How long are they gone lie to us,
And smile with us,
Acting like they’ll cry with us?
Our parents barely get a wage,
But they slave for this nation.
The black child will never ever gain emancipation.
Qualification in hand,
They grab the spoon from our hands.
So we shouldn’t be mad.
They control through the cash.
South African student, singer and activist Gigi Lamayne released her song, “Fees Will Fall,” the day she graduated from university. A popular South African hip-hop artist, Lamayne has come to the forefront of the #FeesMustFall movement, protesting the sharply rising university tuition in South Africa. Despite its hashtagged name, this movement is no mere armchair activism. Recently, students have taken to the streets in protest, sometimes violently clashing with police. An empty lecture hall was even set on fire as a strong message of the students’ dissatisfaction with the current system.

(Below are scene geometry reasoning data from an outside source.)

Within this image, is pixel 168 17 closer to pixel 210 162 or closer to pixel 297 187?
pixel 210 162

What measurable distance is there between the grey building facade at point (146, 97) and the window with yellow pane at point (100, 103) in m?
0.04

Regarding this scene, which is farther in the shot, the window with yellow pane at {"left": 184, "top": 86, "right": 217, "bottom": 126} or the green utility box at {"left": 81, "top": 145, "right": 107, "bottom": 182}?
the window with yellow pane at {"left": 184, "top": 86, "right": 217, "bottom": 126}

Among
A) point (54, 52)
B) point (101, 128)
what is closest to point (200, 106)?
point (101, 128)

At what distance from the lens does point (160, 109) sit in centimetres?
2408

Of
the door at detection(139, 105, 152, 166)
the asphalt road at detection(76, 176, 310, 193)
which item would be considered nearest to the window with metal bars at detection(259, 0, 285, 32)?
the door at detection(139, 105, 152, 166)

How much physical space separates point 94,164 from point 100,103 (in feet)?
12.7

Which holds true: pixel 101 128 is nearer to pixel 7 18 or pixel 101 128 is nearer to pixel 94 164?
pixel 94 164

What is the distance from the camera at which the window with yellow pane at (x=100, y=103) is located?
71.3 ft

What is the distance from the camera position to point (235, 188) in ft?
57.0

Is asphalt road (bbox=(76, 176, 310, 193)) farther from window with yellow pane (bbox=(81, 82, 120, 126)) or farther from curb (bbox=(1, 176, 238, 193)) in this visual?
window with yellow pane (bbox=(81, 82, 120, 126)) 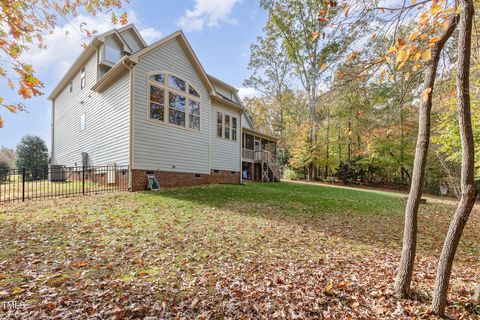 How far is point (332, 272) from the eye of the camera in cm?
369

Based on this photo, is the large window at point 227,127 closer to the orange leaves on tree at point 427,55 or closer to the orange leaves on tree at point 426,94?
the orange leaves on tree at point 426,94

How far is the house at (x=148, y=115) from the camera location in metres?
9.70

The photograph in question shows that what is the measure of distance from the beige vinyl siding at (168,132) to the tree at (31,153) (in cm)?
1862

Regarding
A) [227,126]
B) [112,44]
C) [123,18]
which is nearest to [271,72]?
[227,126]

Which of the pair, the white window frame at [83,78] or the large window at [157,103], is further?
the white window frame at [83,78]

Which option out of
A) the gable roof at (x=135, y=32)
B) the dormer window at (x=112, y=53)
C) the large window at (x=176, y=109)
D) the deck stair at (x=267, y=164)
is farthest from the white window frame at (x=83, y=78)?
the deck stair at (x=267, y=164)

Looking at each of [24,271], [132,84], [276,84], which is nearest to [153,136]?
[132,84]

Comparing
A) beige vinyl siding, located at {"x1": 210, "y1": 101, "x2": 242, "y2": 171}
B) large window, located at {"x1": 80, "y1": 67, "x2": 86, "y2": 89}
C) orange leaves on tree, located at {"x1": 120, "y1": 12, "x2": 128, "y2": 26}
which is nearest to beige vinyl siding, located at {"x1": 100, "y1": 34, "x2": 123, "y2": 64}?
large window, located at {"x1": 80, "y1": 67, "x2": 86, "y2": 89}

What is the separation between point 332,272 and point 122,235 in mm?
4145

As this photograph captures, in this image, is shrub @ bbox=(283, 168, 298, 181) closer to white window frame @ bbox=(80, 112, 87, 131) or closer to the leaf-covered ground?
the leaf-covered ground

In South Africa, as in other countries, a university degree is becoming increasingly essential for young people entering the job market. Yet with rising fees, completing that degree has become difficult for all but the wealthiest classes. It seems paradoxical that young people and their families should be required to make so many sacrifices in order to succeed.
To promote “Fees Will Fall,” Lamayne released a powerful video cutting between footage of the singer and film from protests. The black and white cinematography lends an extra layer of tension and gravitas to what can be confidently labeled as a protest song. The block-lettered lyrics and sketched transitions evoke memories of school athletic teams and notebook doodles.
Afropop Worldwide covered “Fees Will Fall” and the #FeesMustFall movement as part of the “Born-Free South Africa: A Kaleidoscope of Colors” episode. We spoke with Gigi Lamayne further for the latest installment of our Afropop Closeups podcast series, “Fees Must Fall: A Voice of Change in South Africa.”